> **THE PROBLEM**: Take every line containing "with" out of the records.

________________________________________

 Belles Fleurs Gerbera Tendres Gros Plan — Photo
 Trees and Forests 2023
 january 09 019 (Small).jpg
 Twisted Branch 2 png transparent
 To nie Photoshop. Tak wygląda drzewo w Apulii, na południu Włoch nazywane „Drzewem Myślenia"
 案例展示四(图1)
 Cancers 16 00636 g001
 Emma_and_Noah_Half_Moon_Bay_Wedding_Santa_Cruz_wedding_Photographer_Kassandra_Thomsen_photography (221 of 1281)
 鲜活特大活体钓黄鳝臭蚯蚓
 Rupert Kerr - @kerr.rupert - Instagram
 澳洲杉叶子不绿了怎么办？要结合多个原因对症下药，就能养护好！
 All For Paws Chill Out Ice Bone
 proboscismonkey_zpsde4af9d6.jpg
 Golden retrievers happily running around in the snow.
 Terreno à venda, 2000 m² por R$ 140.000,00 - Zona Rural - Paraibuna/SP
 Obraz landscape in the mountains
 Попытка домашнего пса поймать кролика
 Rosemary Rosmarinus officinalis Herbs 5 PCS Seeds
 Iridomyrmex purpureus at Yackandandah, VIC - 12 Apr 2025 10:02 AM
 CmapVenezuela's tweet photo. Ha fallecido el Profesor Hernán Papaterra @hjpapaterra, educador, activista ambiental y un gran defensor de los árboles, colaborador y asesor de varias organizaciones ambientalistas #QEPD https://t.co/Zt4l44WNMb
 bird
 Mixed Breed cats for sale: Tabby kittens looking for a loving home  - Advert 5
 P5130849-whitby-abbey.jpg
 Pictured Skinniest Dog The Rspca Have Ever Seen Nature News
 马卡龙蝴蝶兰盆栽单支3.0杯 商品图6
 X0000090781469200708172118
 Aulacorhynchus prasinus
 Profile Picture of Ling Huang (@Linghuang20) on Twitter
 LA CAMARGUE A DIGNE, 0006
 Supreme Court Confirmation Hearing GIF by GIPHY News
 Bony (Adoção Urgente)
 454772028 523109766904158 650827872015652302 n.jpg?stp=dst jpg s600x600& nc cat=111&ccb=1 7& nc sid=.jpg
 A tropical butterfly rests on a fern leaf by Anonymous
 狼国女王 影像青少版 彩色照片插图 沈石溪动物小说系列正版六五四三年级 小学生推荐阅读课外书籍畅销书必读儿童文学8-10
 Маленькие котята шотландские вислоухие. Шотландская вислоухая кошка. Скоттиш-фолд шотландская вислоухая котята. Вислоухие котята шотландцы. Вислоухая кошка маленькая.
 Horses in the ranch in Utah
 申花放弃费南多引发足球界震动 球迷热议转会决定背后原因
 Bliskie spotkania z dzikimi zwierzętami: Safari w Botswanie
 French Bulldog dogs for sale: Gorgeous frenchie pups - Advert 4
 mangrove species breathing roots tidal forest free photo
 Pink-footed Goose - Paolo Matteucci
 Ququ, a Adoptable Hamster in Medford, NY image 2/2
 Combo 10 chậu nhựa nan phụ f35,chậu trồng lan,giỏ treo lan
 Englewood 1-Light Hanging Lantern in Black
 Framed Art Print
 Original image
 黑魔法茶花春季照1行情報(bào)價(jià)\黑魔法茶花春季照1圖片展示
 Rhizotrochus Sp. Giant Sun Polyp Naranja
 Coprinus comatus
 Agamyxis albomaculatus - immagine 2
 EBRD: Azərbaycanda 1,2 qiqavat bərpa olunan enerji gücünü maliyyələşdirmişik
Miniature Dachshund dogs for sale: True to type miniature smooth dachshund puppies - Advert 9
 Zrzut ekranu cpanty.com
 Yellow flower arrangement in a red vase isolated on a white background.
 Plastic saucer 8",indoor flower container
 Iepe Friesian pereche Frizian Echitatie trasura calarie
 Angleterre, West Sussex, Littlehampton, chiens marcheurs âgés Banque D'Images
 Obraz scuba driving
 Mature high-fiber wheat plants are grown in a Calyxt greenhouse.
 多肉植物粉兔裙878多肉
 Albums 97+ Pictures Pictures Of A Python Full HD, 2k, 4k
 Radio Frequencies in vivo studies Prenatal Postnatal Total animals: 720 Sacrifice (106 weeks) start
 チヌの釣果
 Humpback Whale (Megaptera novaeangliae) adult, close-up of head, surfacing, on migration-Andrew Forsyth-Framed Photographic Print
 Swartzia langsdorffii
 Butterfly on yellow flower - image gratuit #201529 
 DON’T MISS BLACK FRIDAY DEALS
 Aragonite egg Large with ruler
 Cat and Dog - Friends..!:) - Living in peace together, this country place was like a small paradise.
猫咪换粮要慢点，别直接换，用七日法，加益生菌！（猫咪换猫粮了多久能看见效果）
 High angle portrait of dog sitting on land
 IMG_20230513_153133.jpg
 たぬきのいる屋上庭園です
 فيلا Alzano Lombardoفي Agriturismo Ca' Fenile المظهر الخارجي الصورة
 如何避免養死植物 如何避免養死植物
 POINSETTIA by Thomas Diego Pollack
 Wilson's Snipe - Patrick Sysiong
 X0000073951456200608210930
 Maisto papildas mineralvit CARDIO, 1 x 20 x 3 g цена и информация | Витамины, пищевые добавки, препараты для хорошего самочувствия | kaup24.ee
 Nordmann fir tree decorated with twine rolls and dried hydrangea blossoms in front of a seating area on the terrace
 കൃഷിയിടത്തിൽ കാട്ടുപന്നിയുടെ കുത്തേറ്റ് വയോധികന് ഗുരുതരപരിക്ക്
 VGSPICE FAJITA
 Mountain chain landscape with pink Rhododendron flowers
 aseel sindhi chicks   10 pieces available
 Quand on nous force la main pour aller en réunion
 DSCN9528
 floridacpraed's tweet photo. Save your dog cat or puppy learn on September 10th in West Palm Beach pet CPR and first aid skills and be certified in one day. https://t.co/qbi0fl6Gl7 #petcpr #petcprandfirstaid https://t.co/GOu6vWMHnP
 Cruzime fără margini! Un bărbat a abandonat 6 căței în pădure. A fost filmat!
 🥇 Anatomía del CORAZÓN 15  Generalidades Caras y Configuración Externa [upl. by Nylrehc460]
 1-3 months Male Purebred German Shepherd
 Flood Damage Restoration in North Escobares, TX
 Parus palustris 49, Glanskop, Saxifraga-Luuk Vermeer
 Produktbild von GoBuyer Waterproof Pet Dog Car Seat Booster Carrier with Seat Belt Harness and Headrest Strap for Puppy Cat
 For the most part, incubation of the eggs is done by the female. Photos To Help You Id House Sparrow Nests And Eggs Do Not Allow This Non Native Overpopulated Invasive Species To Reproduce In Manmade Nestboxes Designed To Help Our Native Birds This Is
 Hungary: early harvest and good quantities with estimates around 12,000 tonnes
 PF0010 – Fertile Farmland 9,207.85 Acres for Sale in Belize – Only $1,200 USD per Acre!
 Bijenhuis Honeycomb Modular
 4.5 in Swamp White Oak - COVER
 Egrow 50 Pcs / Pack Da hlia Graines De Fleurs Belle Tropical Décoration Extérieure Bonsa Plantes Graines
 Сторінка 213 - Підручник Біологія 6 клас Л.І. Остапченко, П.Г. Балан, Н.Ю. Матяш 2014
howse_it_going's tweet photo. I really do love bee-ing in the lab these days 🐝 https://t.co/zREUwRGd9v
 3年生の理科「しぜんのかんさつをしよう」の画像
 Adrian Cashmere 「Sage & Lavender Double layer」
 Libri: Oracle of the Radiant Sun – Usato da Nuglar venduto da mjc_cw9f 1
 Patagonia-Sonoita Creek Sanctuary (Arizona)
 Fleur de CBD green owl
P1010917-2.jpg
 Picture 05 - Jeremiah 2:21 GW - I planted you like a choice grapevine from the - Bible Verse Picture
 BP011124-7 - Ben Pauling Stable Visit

________________________________________

> **RESULT OF THE TASK**:
 Aragonite egg Large with ruler
 Nordmann fir tree decorated with twine rolls and dried hydrangea blossoms in front of a seating area on the terrace
 Mountain chain landscape with pink Rhododendron flowers
 Produktbild von GoBuyer Waterproof Pet Dog Car Seat Booster Carrier with Seat Belt Harness and Headrest Strap for Puppy Cat
 Hungary: early harvest and good quantities with estimates around 12,000 tonnes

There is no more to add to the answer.